相続とは、自然人が死亡することによって、その自然人が有していた財産や権利・義務を、法律の規定や本人の意思に基づいて相続人に包括的に承継させることです。

ちなみに、この死んだ人のことを被相続人といいます。

相続開始の原因・時期

相続は、被相続人の死亡によって開始されます(民法882条)。

相続関係が発生するためには、被相続人が死亡する時に相続人が生きていることが必要です。ただし、代襲相続が生じる場合があります。代襲相続については後で詳しく説明します。

これに関連して、民法では、以下2つの規定が設けられています。

同時死亡の推定(32条の2)

数人の者が同時に死亡した場合において、それぞれの死亡の先後が明らかでない場合には、これらの者は同時に死亡したものと推定されます(32条の2)。

例えば、A、Aの妻であるB、Aの息子であるC、Aの母であるD(父Eは既に死亡)で構成されている家族がいたとして、AとCが死亡した場合を考えてみます。Aの財産はどのように相続されるでしょうか。(Cの財産については、ここでは考えません。)

Aが先に死亡していれば、Aの財産はBとCに2分の1ずつ相続され、Cの死亡によって、Cの財産はBに相続されます。

Aが先に死亡

一方、Cが先に死亡した場合は、Aの死亡時点では生存している直系卑属がいないので、Aの財産は、Bに3分の2、Dに3分の1相続され、Bの相続分は、Aが先に死亡した場合よりも少なくなってしまいます。

Cが先に死亡

このように、複数の家族が死亡した場合、それぞれの死亡時期によって、どれだけ相続できるかが変わってきてしまうので、争点になることがあります。

そこで、複数の者が死亡したが、その先後が明らかでない場合は、同時に死亡したと推定されることになっています。

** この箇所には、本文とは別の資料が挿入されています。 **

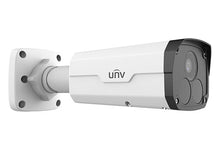 Load image into Gallery viewer, Uniview UNV 4MP DeepSight Fixed Bullet Camera, 6.0mm IPC2224SA-DF60K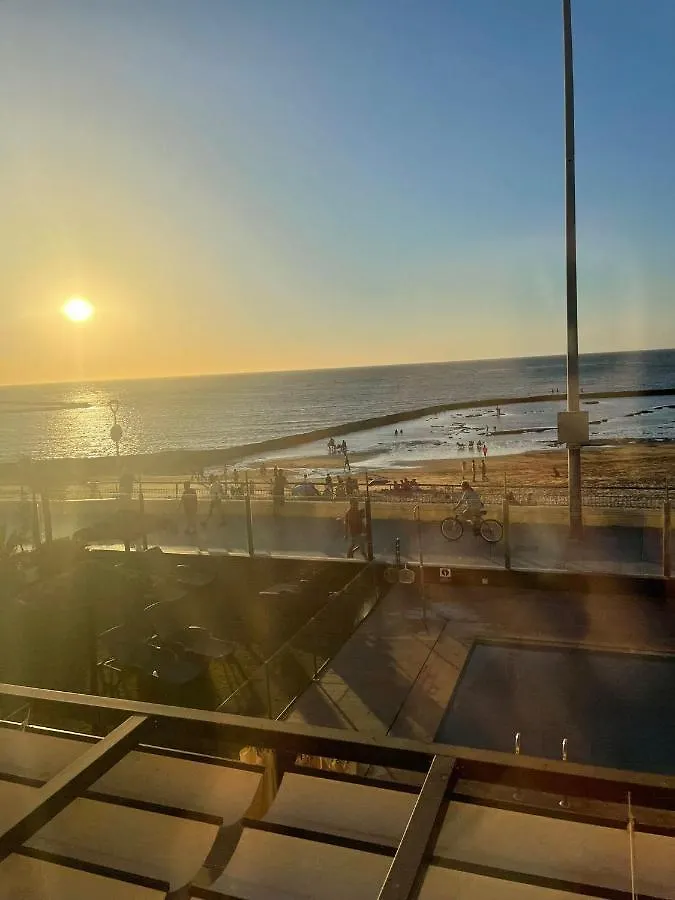 شقة Apartamento Con Piscina En El Paseo Cruz Del Mar شيبيونا إسبانيا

32条の2 数人の者が死亡した場合において、そのうちの一人が他の者の死亡後になお生存していたことが明らかでないときは、これらの者は、同時に死亡したものと推定する。

胎児

民法の構造のところで説明しましたが、権利能力とは、権利を持ち義務を負担する主体となることができる能力のことで、自然人は出生により権利能力を取得します(3条1項)。

しかし、胎児だからといって権利能力を認めなければ、出生の時期によって不公平な結果となる場合があります。そこで、胎児にも権利能力が認められているのが、相続です(886条1項)。

例えば、胎児が生まれる前に、胎児の父親が死亡した場合、胎児に権利能力が認められなければ、胎児は父親の財産を相続することができません。胎児が生まれる時期によって、相続上の利益を得るかどうかが決まってしまうのは、胎児にとって不公平な結果となります。そこで、相続については、胎児にも権利能力が認められたのです。

民法886条 1項 胎児は、相続については、既に生まれたものとみなす。